[Beowulf] [tt] One million ARM chips challenge Intel bumblebee
Douglas Eadline
deadline at eadline.org
Fri Jul 8 20:33:55 PDT 2011
>> > It's all about ultimate scalability. Anybody with a moderate
>> competence (certainly anyone on this
>> list) could devise a scheme to use 1000 perfect processors that never
>> fail to do 1000 quanta of work
>> in unit time. It's substantially more challenging to devise a scheme to
>> do 1000 quanta of work in
>> unit time on, say, 1500 processors with a 20% failure rate. Or even in
>> 1.2*unit time.
>> >
>>
>> Just to be clear - I wasn't saying this was a bad idea. Scaling up to
>> this size seems inevitable. I was just imagining the team of admins who
>> would have to be working non-stop to replace dead processors!
>>
>> I wonder what the architecture for this system will be like. I imagine
>> it will be built around small multi-socket blades that are hot-swappable
>> to handle this.
>
>
>
> I think that you just anticipate the failures and deal with them. It's
> challenging to write code to do this, but it's certainly a worthy
> objective.

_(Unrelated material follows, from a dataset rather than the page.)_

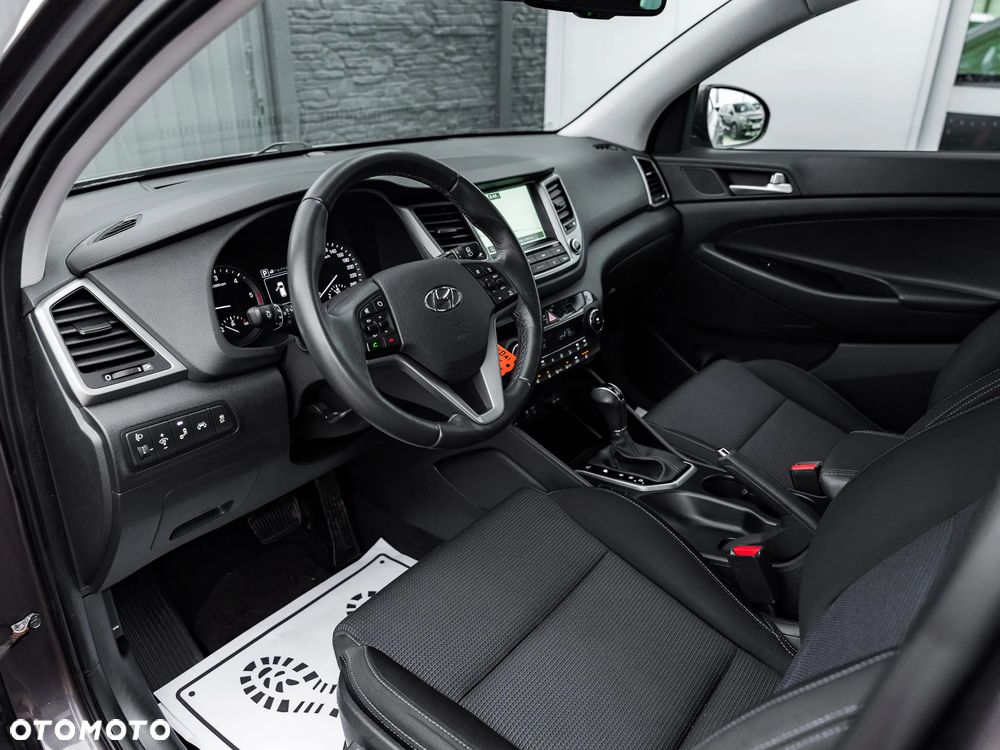 Hyundai Tucson blue 1.7 CRDi 2WD DCT Premium - 16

I can easily see a situation where the cost to replace dead
> units is so high that you just don't bother doing it: it's cheaper to just
> add more live ones to the "pool".
I wrote about the programming issue in a series of three articles
(conjecture, never really tried it, if only I had the time ...).
The first article links (at the end) to the other two.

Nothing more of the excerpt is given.